Mason Mansung Kang
Mason Mansung Kang retired from 35 years of service in the petroleum business, at the age of 61, he decided to pursue his long-time dream to paint. As a Christian, Mason feels the awe and wonder of the divine providence he sees in every corner of this world. He thinks the world we live in is truly a beautiful place. Every natural entity is different and unique and this diversity makes the world beautiful. The visual changes of the natural world, with unending colors and values that exist in light and shadow over each season and over time, create variations of moods and emotions that always affect Mason’s mind. He struggles to observe these subtle colors, but also enhance the colors that are usually not noticed by untrained eyes.
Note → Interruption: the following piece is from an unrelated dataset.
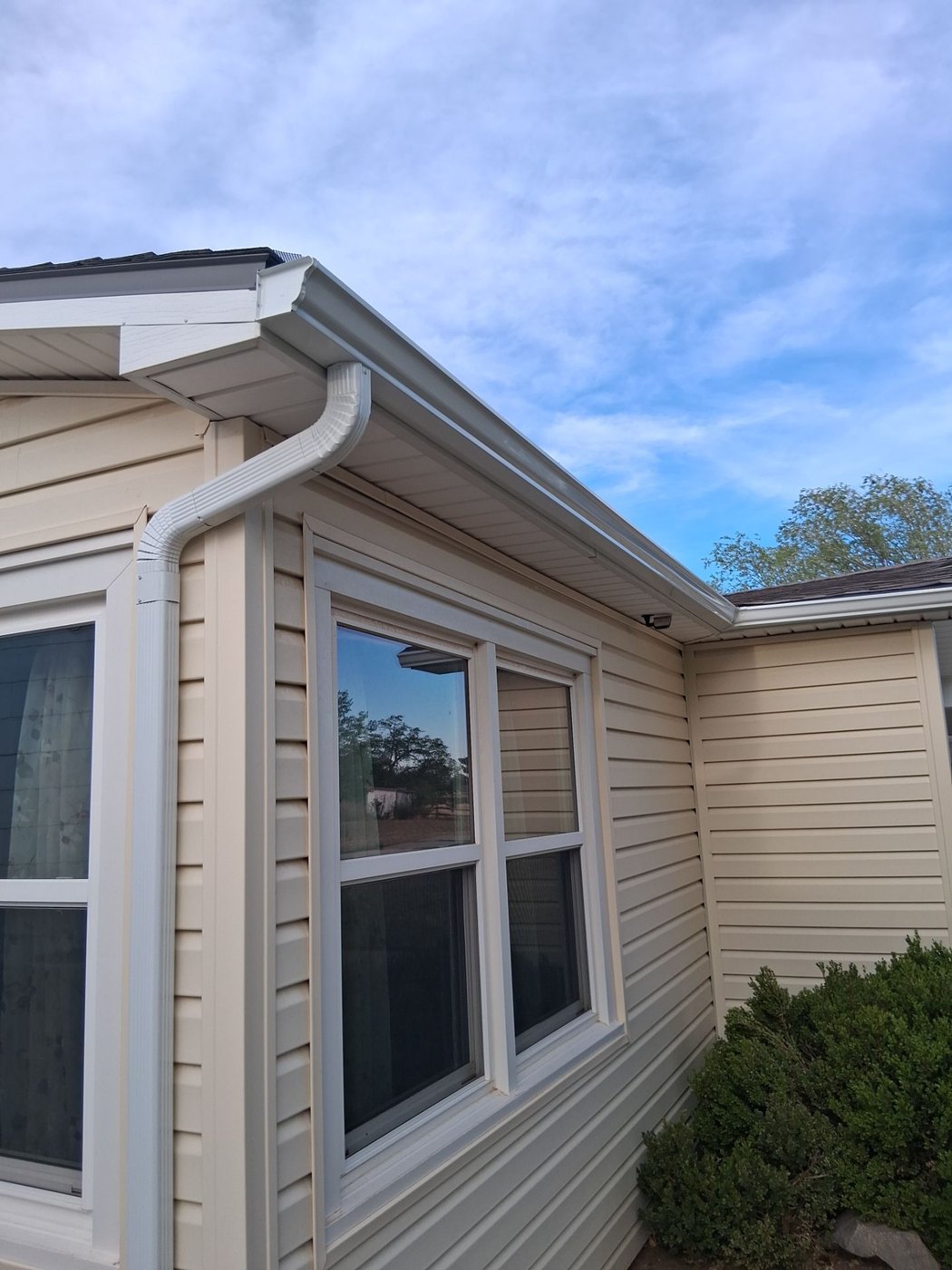A freshly installed white seamless gutter and downspout on a Lubbock home against a blue sky.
To share this beauty is the goal of his efforts. He has just begun to experience this in his own work and wants to develop his ability to paint beyond what he simply observes from life. Mason wants to show the exact feelings that he has while he’s there at the site. It has been always challenging for him to paint a scene that, at a glance, looked like there was nothing special. But while he was painting, he realized that nature always presents something beautiful that deserves painting. Even the small part of grass, sand, and the tiny stream on the pathway were enough for him to enjoy painting them. Mason may never be fully satisfied with the result of his work, but the beauty of this world keeps him seeking satisfaction and bliss through painting.
“I am always amazed at the beauty of the natural world we live in. What attracts me most are the scenes created by various dramatic lights and shadows. I want to paint these beautiful scenes myself in a unique impressionistic style that satisfies and fulfills me. I sincerely hope my successful works could ultimately present the viewers with a sublime sense of warmth, happiness, and contentment. My focus is neither realism nor abstraction in my paintings, but rather I just want to describe natural images as affected by various exciting lights and shadows. I present the environment in a way that is intentionally different from what photography can describe. My paintings are meant to be seen as ‘paintings’, and not as the imitations of ‘photos’.”